(Reuters) – Liverpool manager Juergen Klopp said Premier League teams should look to help England’s lower division clubs that have taken huge financial hits amid the COVID-19 pandemic.
The English Football League (EFL) oversees the three tiers below the Premier League – the Championship, League One and League Two – and clubs in these divisions largely rely on matchday revenue to operate.
The British government this week postponed plans to allow a limited number of fans back into stadiums from October after a second wave of COVID-19 infections and the move is expected to have a massive impact.
“In general people in a better position should help people in a less good position, 100%,” Klopp told a news conference ahead of Monday’s league clash against Arsenal.
“I don’t understand the structure 100% – in Germany you have Bundesliga and Bundesliga 2, so they have to share the problems so that makes things slightly easier.
“There isn’t a general answer… the position in this moment for all clubs isn’t really easy.
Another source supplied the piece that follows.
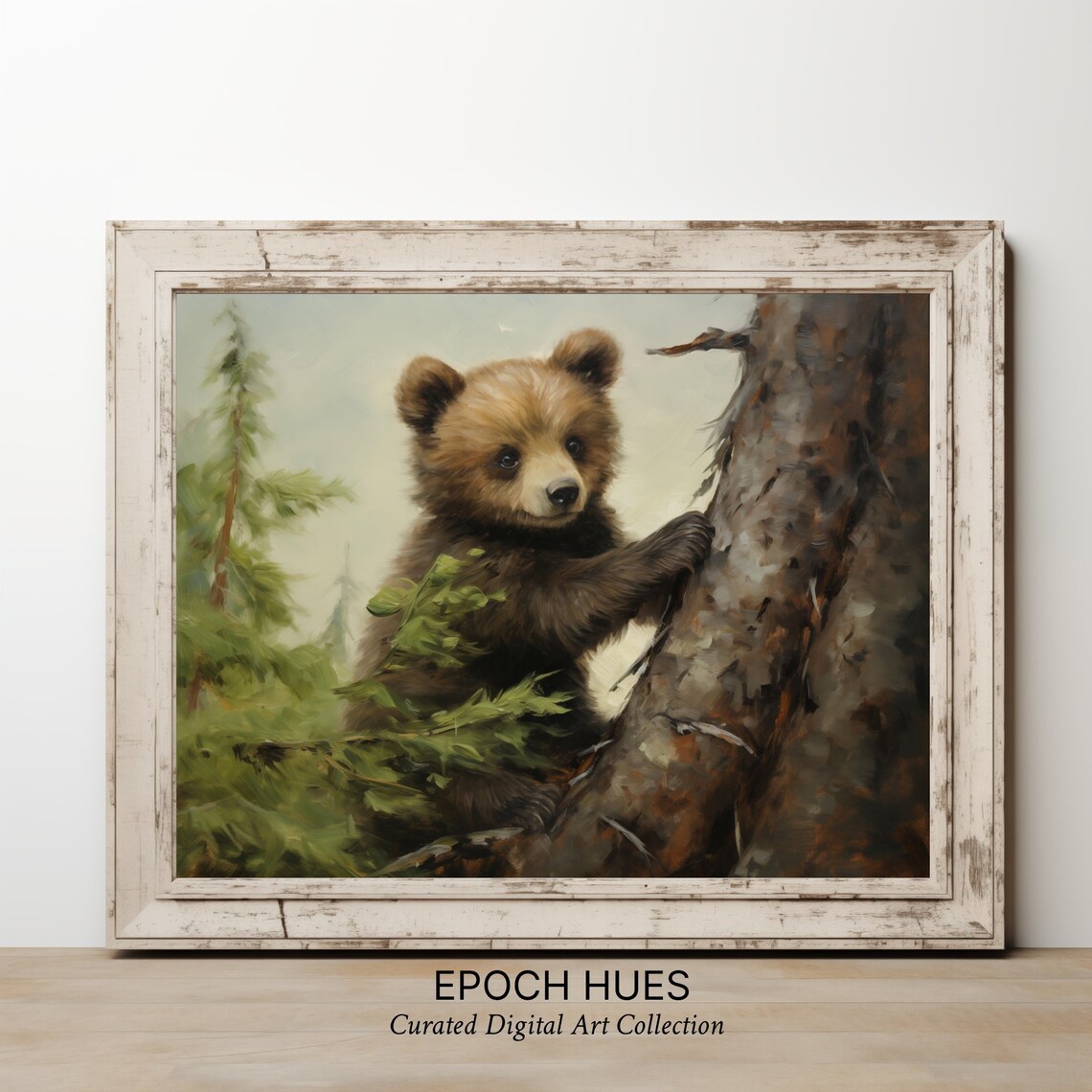 Adorable Baby Bear Cub Climbing a Tree in Green Forest Poster - Image 2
I don’t know how the government finds time to think about that, but I get it… football should try to help themselves, ourselves.”
Chelsea boss Frank Lampard had said starting his career at the bottom of the soccer pyramid had helped him understand the challenges they face.
Sheffield United manager Chris Wilder said he had sympathy for the struggling teams.
“From a business point of view they’ve taken huge hits and hopefully everybody will come through it, but there has to be a concern about what’s going off at the moment,” Wilder said.
“Nobody wants any club to go by the wayside… If anything can be done by the Premier League and they make a decision collectively… to help, then we would.”